Wayfarer 1: Der lange Weg zu einem kleinen zornigen Planeten by Becky Chambers

Wayfarer 1: Der lange Weg zu einem kleinen zornigen Planeten by Becky Chambers

Autor:Becky Chambers [Chambers, Becky]
Die sprache: deu
Format: epub
Tags: Science Fiction
ISBN: 9783104037103
Herausgeber: Fischer
veröffentlicht: 2016-05-15T22:00:00+00:00


Tag 251, GU-Standard 306

Der letzte Krieg

Es gab nur wenig, was Dr. Koch mehr genoss als eine Tasse Tee. Natürlich machte er zum Frühstück jeden Tag Tee für die Crew, doch das war nur ein unpersönliches Häufchen Teeblätter, das er in eine klobige Kanne hängte. Eine einzelne Tasse Tee erforderte mehr Sorgfalt und eine Mischung, die mit Bedacht passend für den Tag ausgewählt wurde. Das Ritual dabei beruhigte ihn ungemein: das Erhitzen des Wassers, das Abmessen der getrockneten Blätter und Fruchtstücke in dem winzigen Sieb, das behutsame Wegstreichen der überschüssigen Menge, zuzuschauen, wie die Farbe beim Ziehen wie Rauch im Wasser aufstieg. Tee war ein launisches Getränk.
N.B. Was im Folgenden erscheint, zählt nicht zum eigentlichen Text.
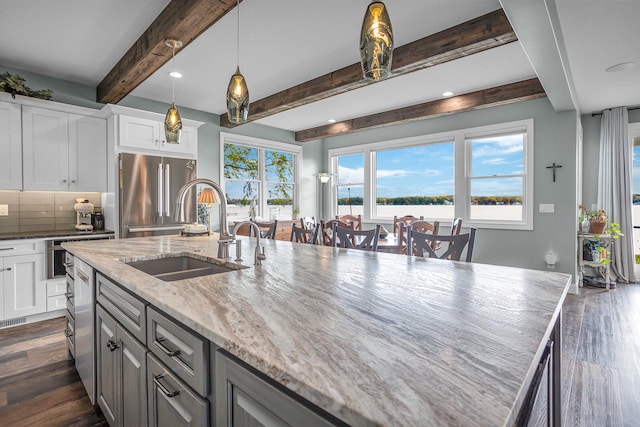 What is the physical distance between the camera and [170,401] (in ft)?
3.54

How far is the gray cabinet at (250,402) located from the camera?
637 mm

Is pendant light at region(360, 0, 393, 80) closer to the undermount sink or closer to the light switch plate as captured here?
the undermount sink

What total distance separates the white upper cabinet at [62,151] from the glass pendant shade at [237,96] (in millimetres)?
2596

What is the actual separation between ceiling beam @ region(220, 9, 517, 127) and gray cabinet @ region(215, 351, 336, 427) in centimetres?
299

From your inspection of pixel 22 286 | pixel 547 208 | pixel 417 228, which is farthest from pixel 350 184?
pixel 22 286

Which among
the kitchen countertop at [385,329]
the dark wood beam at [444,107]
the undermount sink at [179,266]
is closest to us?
the kitchen countertop at [385,329]

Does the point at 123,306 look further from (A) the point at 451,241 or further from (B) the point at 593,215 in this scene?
(B) the point at 593,215

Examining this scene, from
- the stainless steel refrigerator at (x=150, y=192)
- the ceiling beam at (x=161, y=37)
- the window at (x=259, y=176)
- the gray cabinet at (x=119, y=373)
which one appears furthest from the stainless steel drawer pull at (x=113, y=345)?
the window at (x=259, y=176)

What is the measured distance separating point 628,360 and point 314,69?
12.6 feet

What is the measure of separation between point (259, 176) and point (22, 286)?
371 cm

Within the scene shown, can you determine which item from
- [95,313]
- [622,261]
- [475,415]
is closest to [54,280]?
[95,313]

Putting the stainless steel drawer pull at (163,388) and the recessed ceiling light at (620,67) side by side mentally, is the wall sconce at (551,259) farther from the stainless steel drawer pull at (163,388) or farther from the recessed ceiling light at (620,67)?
the stainless steel drawer pull at (163,388)

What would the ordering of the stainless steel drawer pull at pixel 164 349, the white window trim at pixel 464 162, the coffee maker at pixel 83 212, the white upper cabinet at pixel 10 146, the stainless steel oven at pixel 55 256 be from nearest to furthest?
the stainless steel drawer pull at pixel 164 349
the white upper cabinet at pixel 10 146
the stainless steel oven at pixel 55 256
the coffee maker at pixel 83 212
the white window trim at pixel 464 162

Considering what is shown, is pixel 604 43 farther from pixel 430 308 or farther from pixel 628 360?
pixel 430 308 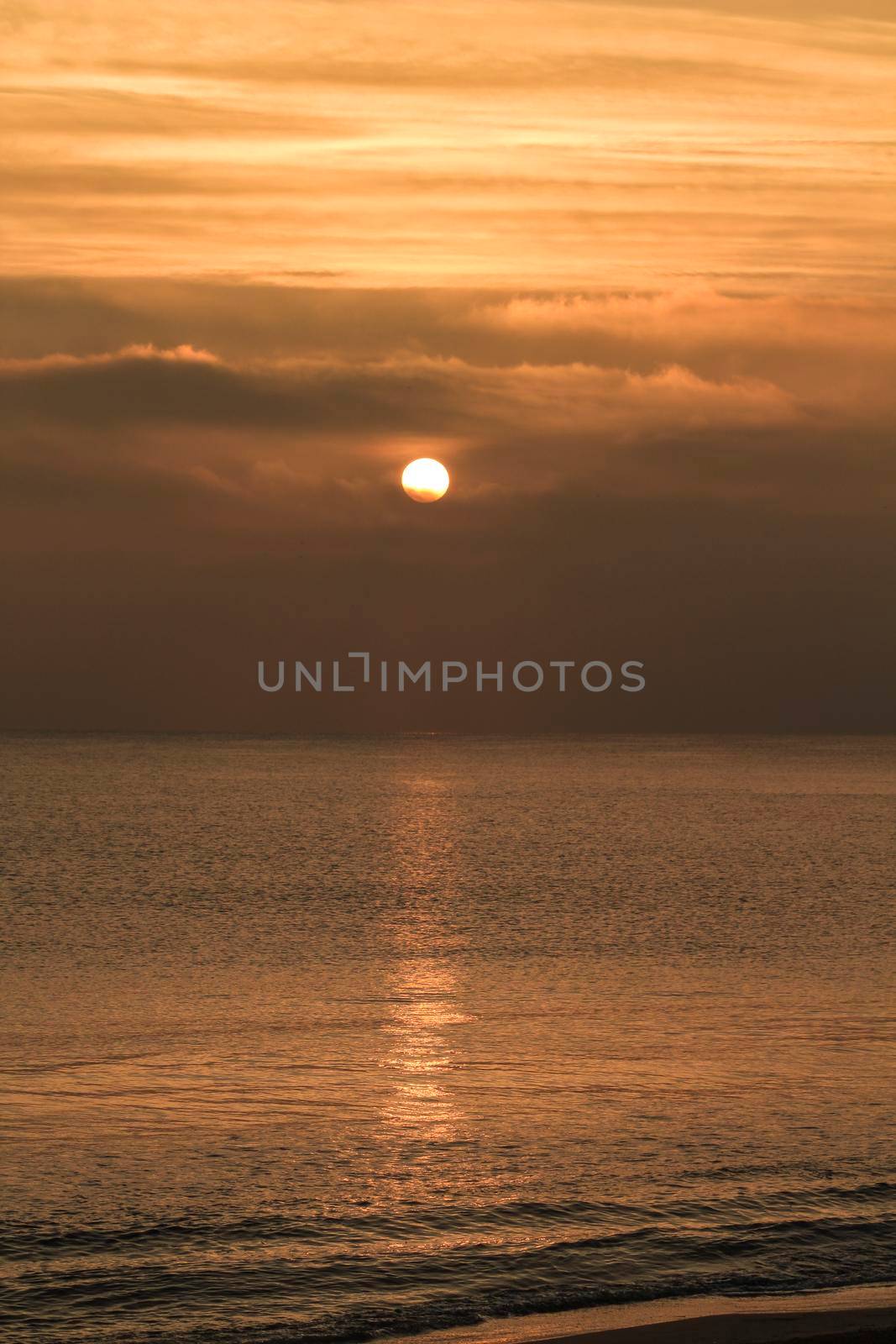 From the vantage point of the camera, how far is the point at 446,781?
160 metres

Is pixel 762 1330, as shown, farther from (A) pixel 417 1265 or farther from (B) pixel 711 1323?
(A) pixel 417 1265

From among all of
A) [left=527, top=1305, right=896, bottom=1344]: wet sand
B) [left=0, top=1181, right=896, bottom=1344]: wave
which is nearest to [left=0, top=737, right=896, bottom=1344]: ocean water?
[left=0, top=1181, right=896, bottom=1344]: wave

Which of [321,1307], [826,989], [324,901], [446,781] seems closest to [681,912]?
[324,901]

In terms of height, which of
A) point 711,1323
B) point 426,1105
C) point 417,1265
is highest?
point 711,1323

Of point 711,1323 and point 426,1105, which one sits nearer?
point 711,1323

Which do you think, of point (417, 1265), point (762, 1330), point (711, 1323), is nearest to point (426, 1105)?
point (417, 1265)

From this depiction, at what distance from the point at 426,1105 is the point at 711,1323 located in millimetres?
7913

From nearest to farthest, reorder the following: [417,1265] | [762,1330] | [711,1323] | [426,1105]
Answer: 1. [762,1330]
2. [711,1323]
3. [417,1265]
4. [426,1105]

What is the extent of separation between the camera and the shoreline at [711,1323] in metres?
10.7

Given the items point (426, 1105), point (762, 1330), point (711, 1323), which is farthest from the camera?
point (426, 1105)

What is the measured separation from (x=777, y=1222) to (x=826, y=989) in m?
17.0

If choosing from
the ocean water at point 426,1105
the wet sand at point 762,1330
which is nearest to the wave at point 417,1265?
the ocean water at point 426,1105

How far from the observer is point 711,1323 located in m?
11.1

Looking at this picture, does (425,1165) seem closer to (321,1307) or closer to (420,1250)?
(420,1250) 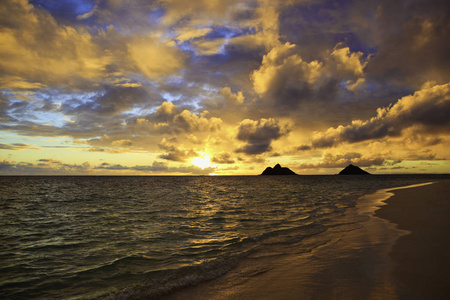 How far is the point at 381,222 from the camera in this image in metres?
16.9

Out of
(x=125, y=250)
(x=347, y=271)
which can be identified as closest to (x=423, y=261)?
(x=347, y=271)

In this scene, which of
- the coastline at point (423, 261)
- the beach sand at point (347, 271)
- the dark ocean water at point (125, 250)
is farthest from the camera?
the dark ocean water at point (125, 250)

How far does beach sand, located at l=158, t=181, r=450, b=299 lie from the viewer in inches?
262

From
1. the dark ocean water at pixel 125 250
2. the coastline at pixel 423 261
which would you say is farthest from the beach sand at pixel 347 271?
the dark ocean water at pixel 125 250

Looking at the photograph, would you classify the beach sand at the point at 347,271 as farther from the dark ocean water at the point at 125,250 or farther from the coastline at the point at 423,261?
the dark ocean water at the point at 125,250

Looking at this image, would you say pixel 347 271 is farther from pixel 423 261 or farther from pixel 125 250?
pixel 125 250

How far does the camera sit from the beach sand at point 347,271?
262 inches

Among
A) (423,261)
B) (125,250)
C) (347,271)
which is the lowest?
(125,250)

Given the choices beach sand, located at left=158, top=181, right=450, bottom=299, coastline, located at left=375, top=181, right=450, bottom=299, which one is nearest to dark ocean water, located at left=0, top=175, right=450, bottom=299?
beach sand, located at left=158, top=181, right=450, bottom=299

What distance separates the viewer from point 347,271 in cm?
820

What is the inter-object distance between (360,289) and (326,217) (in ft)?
48.1

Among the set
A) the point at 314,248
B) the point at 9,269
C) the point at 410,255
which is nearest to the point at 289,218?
the point at 314,248

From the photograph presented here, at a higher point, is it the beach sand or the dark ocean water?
the beach sand

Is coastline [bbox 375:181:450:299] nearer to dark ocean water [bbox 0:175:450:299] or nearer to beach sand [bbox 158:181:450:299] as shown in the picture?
beach sand [bbox 158:181:450:299] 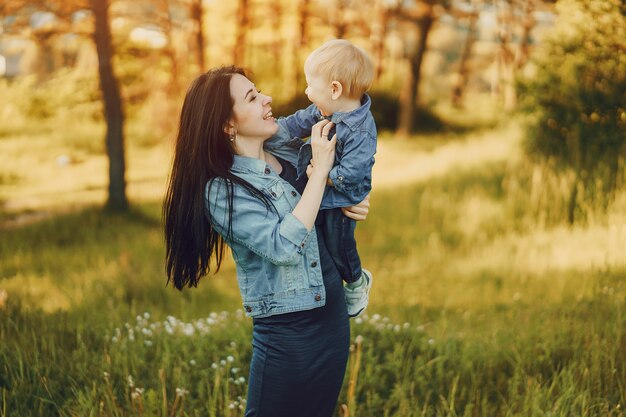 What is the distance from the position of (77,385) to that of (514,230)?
5.20 m

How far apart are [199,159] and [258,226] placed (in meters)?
0.33

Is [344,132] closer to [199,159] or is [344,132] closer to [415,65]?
[199,159]

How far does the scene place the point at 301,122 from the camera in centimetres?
265

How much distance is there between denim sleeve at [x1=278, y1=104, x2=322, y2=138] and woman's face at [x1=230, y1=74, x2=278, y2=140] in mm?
306

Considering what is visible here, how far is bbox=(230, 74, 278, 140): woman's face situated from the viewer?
7.48 ft

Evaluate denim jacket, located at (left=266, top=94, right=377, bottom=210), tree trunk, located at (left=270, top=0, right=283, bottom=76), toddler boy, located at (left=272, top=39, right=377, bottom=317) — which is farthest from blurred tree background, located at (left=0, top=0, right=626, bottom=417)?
tree trunk, located at (left=270, top=0, right=283, bottom=76)

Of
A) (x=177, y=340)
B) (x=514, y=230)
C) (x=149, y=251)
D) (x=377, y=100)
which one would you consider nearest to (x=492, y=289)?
(x=514, y=230)

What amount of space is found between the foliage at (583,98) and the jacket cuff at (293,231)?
5219mm

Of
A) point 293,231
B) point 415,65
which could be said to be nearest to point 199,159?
point 293,231

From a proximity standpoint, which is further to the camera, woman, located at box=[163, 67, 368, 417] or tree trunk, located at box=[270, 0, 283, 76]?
tree trunk, located at box=[270, 0, 283, 76]

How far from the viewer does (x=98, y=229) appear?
305 inches

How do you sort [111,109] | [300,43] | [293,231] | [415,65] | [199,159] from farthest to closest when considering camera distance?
[300,43] → [415,65] → [111,109] → [199,159] → [293,231]

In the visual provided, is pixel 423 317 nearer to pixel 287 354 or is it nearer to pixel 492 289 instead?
pixel 492 289

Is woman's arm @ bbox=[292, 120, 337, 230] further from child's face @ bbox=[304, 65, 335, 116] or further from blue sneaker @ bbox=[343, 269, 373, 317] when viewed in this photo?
blue sneaker @ bbox=[343, 269, 373, 317] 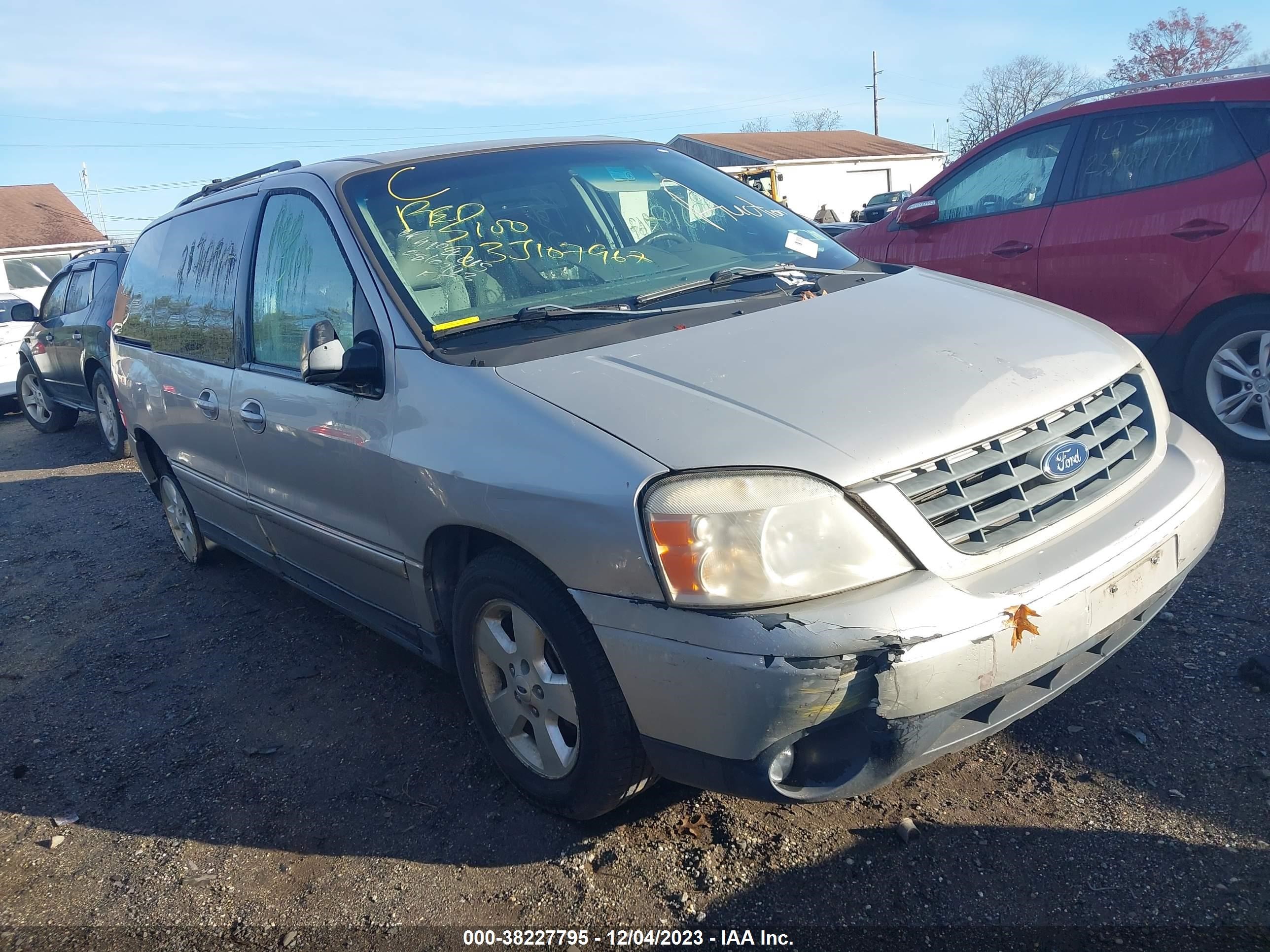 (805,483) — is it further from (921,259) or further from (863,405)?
(921,259)

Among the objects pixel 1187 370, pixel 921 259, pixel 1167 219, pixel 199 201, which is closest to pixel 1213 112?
pixel 1167 219

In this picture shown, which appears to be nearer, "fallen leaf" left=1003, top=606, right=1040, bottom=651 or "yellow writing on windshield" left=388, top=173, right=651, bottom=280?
"fallen leaf" left=1003, top=606, right=1040, bottom=651

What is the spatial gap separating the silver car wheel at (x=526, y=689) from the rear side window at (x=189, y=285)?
1887 millimetres

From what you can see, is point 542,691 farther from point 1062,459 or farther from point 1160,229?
point 1160,229

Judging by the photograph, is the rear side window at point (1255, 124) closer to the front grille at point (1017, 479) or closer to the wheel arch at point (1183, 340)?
the wheel arch at point (1183, 340)

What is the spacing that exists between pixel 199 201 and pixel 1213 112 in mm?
4862

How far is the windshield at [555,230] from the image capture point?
304cm

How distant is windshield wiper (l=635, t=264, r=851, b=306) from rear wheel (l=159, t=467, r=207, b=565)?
9.83ft

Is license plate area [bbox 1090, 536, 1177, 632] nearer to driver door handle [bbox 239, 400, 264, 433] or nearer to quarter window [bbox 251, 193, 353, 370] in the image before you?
quarter window [bbox 251, 193, 353, 370]

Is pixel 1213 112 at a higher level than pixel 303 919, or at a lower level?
higher

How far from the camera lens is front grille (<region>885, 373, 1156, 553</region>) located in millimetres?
2203

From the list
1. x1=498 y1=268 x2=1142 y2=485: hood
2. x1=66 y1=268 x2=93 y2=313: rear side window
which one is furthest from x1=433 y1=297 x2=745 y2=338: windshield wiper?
x1=66 y1=268 x2=93 y2=313: rear side window

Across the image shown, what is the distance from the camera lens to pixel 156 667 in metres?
4.20

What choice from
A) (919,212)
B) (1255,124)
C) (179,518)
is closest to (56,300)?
(179,518) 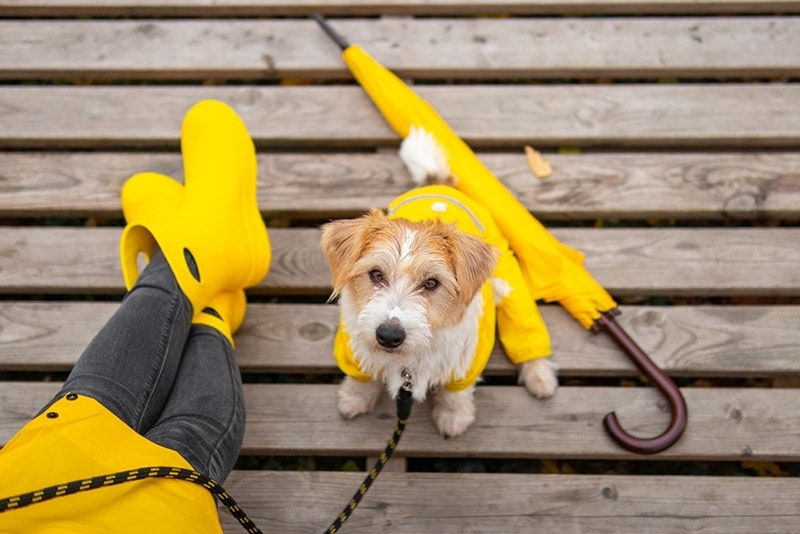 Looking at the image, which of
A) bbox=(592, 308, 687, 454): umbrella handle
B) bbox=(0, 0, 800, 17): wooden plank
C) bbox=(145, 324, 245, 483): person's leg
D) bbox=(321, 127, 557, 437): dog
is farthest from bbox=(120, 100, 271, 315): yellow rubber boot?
bbox=(592, 308, 687, 454): umbrella handle

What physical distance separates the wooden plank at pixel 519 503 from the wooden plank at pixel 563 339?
1.44ft

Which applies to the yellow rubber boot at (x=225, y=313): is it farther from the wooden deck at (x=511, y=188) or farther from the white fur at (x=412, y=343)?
the white fur at (x=412, y=343)

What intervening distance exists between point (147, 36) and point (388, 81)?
137 centimetres

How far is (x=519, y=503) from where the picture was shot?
2273 mm

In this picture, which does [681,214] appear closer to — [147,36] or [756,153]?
[756,153]

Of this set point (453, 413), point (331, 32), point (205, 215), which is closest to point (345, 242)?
point (205, 215)

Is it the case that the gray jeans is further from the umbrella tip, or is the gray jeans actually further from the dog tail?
the umbrella tip

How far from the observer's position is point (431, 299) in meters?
1.85

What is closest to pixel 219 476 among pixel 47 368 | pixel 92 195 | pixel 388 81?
pixel 47 368

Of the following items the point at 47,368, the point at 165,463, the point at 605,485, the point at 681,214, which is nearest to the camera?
the point at 165,463

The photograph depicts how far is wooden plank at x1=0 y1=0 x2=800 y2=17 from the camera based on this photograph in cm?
311

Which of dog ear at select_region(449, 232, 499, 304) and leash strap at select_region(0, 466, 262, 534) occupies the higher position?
dog ear at select_region(449, 232, 499, 304)

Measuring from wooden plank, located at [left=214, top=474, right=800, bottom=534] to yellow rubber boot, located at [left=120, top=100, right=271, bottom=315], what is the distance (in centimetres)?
83

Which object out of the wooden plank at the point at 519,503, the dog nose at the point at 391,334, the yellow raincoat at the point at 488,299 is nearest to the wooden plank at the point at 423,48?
the yellow raincoat at the point at 488,299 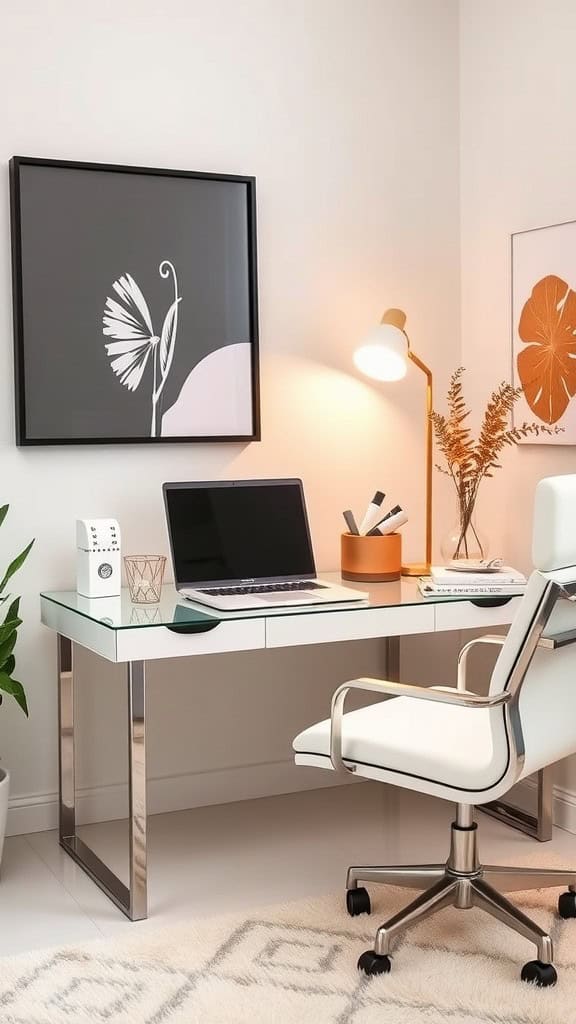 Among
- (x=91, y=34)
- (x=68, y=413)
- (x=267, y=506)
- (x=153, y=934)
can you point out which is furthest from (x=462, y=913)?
(x=91, y=34)

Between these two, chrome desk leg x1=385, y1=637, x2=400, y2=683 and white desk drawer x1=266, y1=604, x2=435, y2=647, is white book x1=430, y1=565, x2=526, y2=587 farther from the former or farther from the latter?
chrome desk leg x1=385, y1=637, x2=400, y2=683

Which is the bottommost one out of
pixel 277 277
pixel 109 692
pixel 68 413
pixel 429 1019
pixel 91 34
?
pixel 429 1019

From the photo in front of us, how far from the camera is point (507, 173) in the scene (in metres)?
3.49

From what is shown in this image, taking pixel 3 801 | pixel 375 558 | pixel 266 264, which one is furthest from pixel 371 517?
pixel 3 801

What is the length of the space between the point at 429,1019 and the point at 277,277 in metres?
2.12

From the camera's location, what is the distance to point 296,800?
354 centimetres

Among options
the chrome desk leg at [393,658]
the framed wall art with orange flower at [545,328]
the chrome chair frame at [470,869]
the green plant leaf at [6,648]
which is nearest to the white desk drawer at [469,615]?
the chrome chair frame at [470,869]

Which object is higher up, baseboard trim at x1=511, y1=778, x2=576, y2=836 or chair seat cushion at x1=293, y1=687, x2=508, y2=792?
chair seat cushion at x1=293, y1=687, x2=508, y2=792

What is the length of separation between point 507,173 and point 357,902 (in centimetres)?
217

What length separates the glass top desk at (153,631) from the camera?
2.61 metres

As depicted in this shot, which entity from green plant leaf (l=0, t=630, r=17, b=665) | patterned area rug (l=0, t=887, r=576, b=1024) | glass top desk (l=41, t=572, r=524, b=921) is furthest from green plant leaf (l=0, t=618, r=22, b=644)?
patterned area rug (l=0, t=887, r=576, b=1024)

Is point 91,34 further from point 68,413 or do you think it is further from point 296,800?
point 296,800

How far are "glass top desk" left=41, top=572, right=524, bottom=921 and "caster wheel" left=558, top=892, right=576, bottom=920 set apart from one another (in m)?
0.56

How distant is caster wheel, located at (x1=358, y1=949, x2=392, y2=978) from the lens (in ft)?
7.78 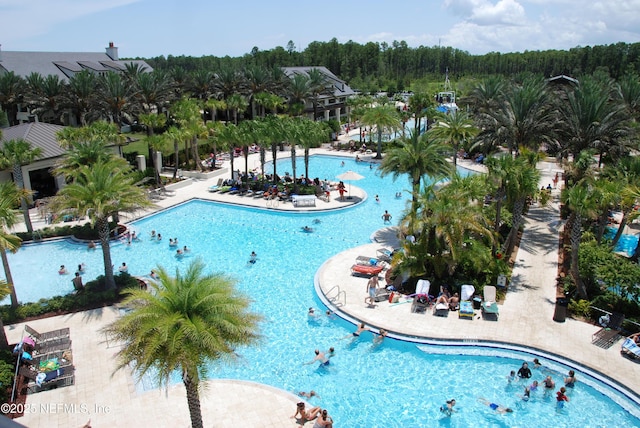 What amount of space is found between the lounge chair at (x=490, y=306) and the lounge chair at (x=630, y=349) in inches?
175

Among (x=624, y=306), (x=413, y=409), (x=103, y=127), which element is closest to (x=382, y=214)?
(x=624, y=306)

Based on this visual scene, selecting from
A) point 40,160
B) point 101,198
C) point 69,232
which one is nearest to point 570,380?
point 101,198

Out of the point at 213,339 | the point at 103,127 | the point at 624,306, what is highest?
the point at 103,127

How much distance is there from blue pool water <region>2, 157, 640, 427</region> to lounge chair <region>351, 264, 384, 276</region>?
7.45 ft

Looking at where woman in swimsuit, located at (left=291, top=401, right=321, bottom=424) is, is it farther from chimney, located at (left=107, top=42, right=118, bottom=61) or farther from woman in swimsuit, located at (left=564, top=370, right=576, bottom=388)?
chimney, located at (left=107, top=42, right=118, bottom=61)

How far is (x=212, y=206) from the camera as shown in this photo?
117 feet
Auf seinem Heimatplaneten hatte es keinen Tee gegeben. In heißem Wasser schlief man nur, man trank es nicht. Wie viele Herrlichkeiten hatten sie verpasst, nur weil keiner auf die Idee gekommen war, sich das Zeug einzuverleiben! Kein Tee, keine Suppe, kein Mek – nun ja, der Mek war wohl kein großer Verlust. Die Leidenschaft seiner Crew für die trübe Brühe teilte er nicht. Irgendwie erinnerte sie ihn an nassen Dreck, und zwar nicht auf angenehme Weise.

Er saß auf einer Gartenbank im Goldfischglas, während sein Tee abkühlte und er sich bedächtig durch seine Gedanken arbeitete. Rosemary saß ihm gegenüber, den eigenen Becher in den knochigen Menschenhänden. Sie sagte nichts, während er laut dachte. Er wusste, wie fremd sie einander waren, er, weil er beim Denken nie stumm blieb, sie, weil sie keine Denklaute kannte. Er wusste allerdings auch, dass sie seine Geräusche inzwischen verstand, und deshalb fühlte ihr Schweigen sich wohltuend für ihn an.

Die Gedanken, die er hervorholte, waren alt, und er hielt sie sorgsam unter Verschluss. Kizzy hatte ihm einmal vorgeworfen, er würde »seine Gefühle unterdrücken«, aber das war ein menschlicher Begriff, die Vorstellung, man könne seine Gefühle wegschließen und so tun, als wären sie nicht da. Dr. Koch wusste genau, wo seine Gefühle waren, jede Freude, jeder Schmerz. Er musste nicht alle auf einmal aufsuchen, um zu wissen, wo sie sich befanden. Die menschliche Besessenheit von »Glück« hatte er nie richtig verstanden. Kein Wesen konnte ständig glücklich sein, genauso wenig wie jemand dauerhaft im Zorn, in Langeweile oder in Trauer verharren konnte. Trauer. Ja, das war das Gefühl, das er heute für Rosemary suchen sollte. Er floh weder vor seiner Trauer, noch leugnete er, dass sie da war. Er war imstande, sie aus der Distanz zu betrachten, wie ein Wissenschaftler, der Tiere beobachtete. Er nahm sie hin, akzeptierte sie, akzeptierte die Tatsache, dass sie nie mehr verschwinden würde. Sie gehörte genauso zu ihm wie alle angenehmen Gefühle. Vielleicht sogar noch mehr.

Mit einem Gurren gab er zu erkennen, dass er bereit war, und konzentrierte sich auf die Synchronisation seiner Stimmbänder. Er blickte in Rosemarys Augen mit den weißen Ringen. Und begann zu sprechen.

»Unsere Spezies sind sehr verschieden. Du hast zwei Hände, ich habe sechs. Du schläfst in einem Bett, ich in einer Wanne. Du magst Mek, ich nicht. Viele kleine Unterschiede. Aber eine große Sache haben die Grum und die Menschen gemeinsam, und das ist unsere potentielle Grausamkeit.